From this rookie spectator, the race was crazy interesting. I signed myself up for the insider that let me track the GPS progress including temperatures and elevations and emails whenever someone hit a checkpoint that I cared about. Except for the fact I was way too tired to stay up to see the winner cross the line, I watched it pretty consistently.
It started with a bold move with two teams led by Martin Buser running the first 188 miles without much of a stop, then taking breaks earlier than the traditional places. Then Lance Mackey made the push while Martin was resting to get to the halfway point first, knowing his younger team probably wouldn’t have the legs to go that pace through to the end. Once Martin finished resting he pushed hard to the be the first to the Yukon (600+ miles in and leading to the most brutal part of the race).

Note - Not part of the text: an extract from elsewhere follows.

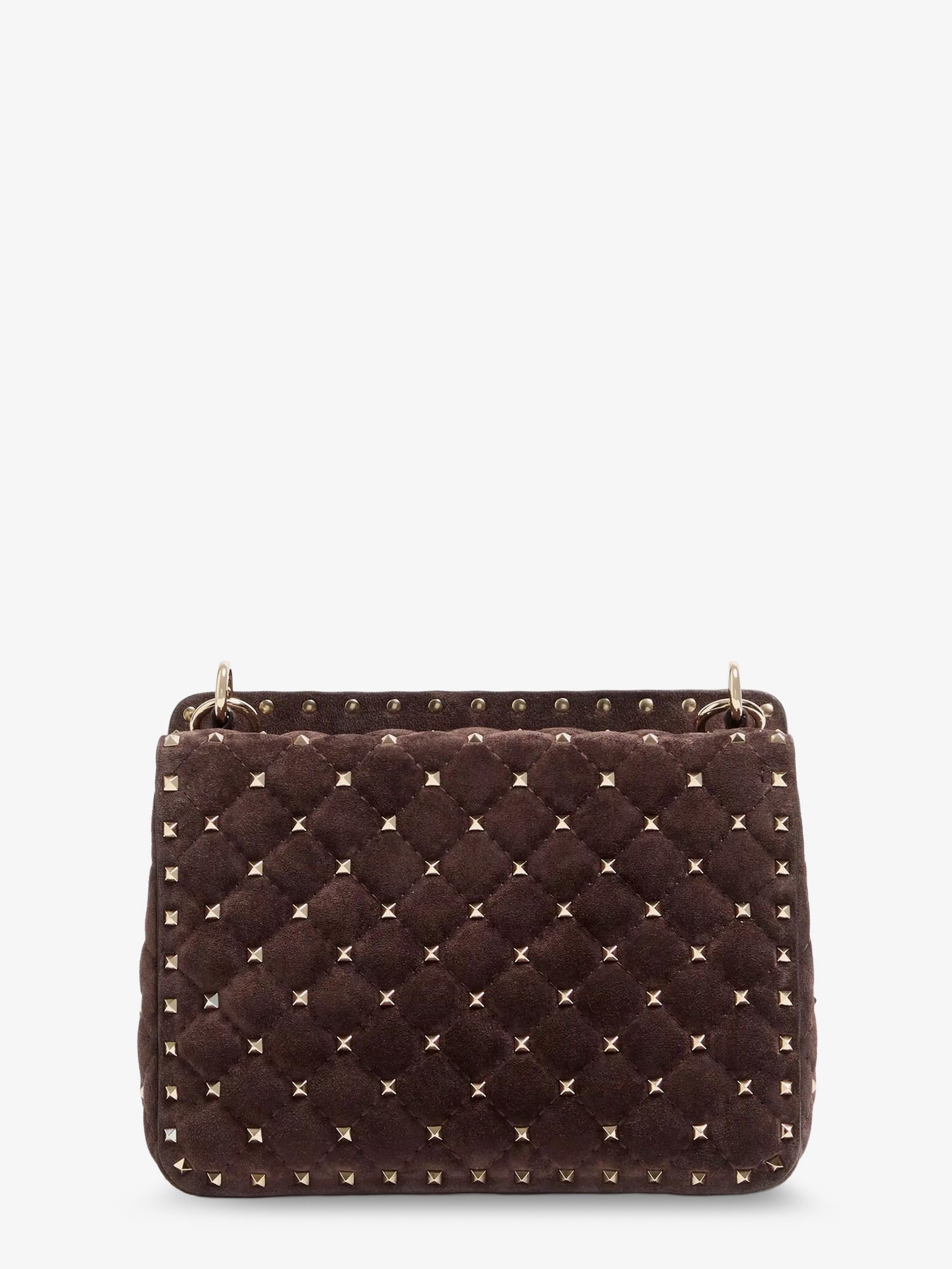 Valentino Rockstud Spike Suede Crossbody Bag With Iconic All-over Studs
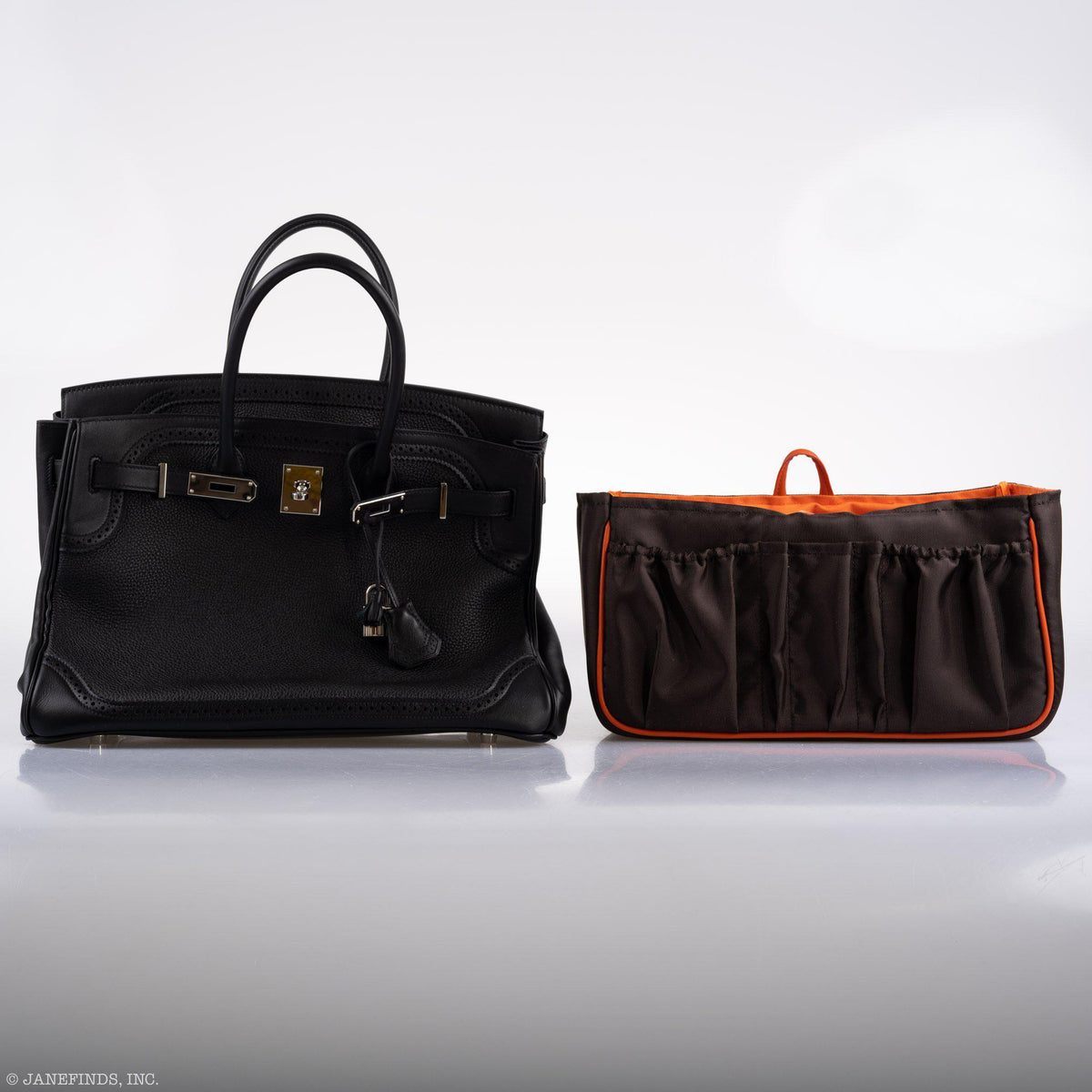 Hermes Ghillies Birkin 35 Black Togo & Evergrain with Palladium Hardware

At that point, the race was a good 30 minutes ahead of record pace, and many thought the race was pretty much over. Meanwhile, many teams were pacing themselves on the first half, some saving dogs, some resting short, some resting long.
The race turned on its ears on the Yukon. Teams faced heavy snow effected by warmer weather, leaving unstable ground. The thing about dog racing is that they don’t clear much of a path for the team. In some cases, stopping may cause the musher to step off into drifts up to their hips, the only savior is to skate along on top of the snow. Except with the warmer weather, the reports were it was like mushing through mashed potatoes. That “30 minutes ahead of the faster ever time” actually became 12 hours behind the fastest time ever. The six hour lead Martin Buser had going into the Yukon was eaten up by the time they left the river a couple hundred miles later. The late front runner was Aliy Zirkle, who’s strategy was to limit her dogs to running a specific time resting for a specific time, and moving like that regardless of where the checkpoints were. It worked for her last year when she came in second, and it appeared to work for her this year. In the end Mitch Seavey (no relation) used a strategy of taking it slow early, resting at traditional locations, and saving the dog’s legs for the flats. He took the lead with over 100 miles to go, Aliy closed the gap at one point in the hills outside of White Mountain to one mile or about 7 minutes; but when things flattened out along the coast towards Nome – the lead just kept growing. In the end Mitch (no relation) won by 23 minutes.
So that ends the dog race for this year. Time to live vicarious through Auggie and race him around the backyard. The next big thing to look forward too is breakup, then spring, then summer.